_SOURCE RECORDS_:
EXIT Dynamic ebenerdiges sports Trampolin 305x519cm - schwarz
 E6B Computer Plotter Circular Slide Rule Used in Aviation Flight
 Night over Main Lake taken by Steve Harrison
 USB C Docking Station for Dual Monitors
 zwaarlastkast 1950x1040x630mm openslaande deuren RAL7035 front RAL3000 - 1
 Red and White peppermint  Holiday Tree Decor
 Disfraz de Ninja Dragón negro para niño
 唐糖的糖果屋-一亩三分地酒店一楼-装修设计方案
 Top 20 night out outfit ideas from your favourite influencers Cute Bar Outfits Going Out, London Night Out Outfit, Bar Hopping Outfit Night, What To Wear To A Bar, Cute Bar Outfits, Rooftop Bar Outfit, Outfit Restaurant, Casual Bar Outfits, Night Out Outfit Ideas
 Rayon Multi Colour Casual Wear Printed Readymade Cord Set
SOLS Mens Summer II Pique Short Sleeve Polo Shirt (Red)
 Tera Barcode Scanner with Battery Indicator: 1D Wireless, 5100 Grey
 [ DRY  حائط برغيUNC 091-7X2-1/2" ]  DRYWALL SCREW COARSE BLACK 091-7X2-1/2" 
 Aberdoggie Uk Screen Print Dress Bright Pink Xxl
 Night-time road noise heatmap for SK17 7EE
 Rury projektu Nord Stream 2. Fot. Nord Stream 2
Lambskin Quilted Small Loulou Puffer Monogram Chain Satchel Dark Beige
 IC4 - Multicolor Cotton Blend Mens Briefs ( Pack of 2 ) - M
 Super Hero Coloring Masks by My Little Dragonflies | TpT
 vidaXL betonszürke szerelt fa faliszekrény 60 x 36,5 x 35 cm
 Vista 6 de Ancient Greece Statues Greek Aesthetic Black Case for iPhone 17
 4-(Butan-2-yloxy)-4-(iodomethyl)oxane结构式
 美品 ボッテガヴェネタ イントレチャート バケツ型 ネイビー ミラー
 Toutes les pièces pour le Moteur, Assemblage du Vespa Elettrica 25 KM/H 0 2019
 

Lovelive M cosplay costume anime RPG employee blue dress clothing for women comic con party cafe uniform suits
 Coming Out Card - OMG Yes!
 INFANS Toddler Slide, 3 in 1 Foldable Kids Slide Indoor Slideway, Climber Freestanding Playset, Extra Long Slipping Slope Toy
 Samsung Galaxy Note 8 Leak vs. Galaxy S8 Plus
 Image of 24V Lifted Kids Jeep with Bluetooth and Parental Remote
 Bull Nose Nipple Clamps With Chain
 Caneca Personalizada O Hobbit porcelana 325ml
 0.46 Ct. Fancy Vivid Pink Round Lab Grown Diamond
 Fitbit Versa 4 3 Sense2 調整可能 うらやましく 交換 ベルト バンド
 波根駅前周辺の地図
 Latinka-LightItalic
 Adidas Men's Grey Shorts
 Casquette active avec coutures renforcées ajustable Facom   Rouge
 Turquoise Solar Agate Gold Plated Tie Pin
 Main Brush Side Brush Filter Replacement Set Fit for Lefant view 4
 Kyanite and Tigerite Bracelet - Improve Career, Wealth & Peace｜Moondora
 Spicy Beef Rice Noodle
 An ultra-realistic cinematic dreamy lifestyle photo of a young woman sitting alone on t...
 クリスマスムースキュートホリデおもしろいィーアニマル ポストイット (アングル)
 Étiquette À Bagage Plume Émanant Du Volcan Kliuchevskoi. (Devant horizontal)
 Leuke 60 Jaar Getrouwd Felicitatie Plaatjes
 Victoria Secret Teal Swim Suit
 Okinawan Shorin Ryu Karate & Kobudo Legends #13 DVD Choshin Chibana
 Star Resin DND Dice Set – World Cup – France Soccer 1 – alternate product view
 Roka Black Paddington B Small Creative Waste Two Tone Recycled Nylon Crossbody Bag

_DIRECTIONS_: Search the entries for the word "view". Copy every line where it occurs.

_YOUR SOLUTION_:
 Main Brush Side Brush Filter Replacement Set Fit for Lefant view 4
 Star Resin DND Dice Set – World Cup – France Soccer 1 – alternate product view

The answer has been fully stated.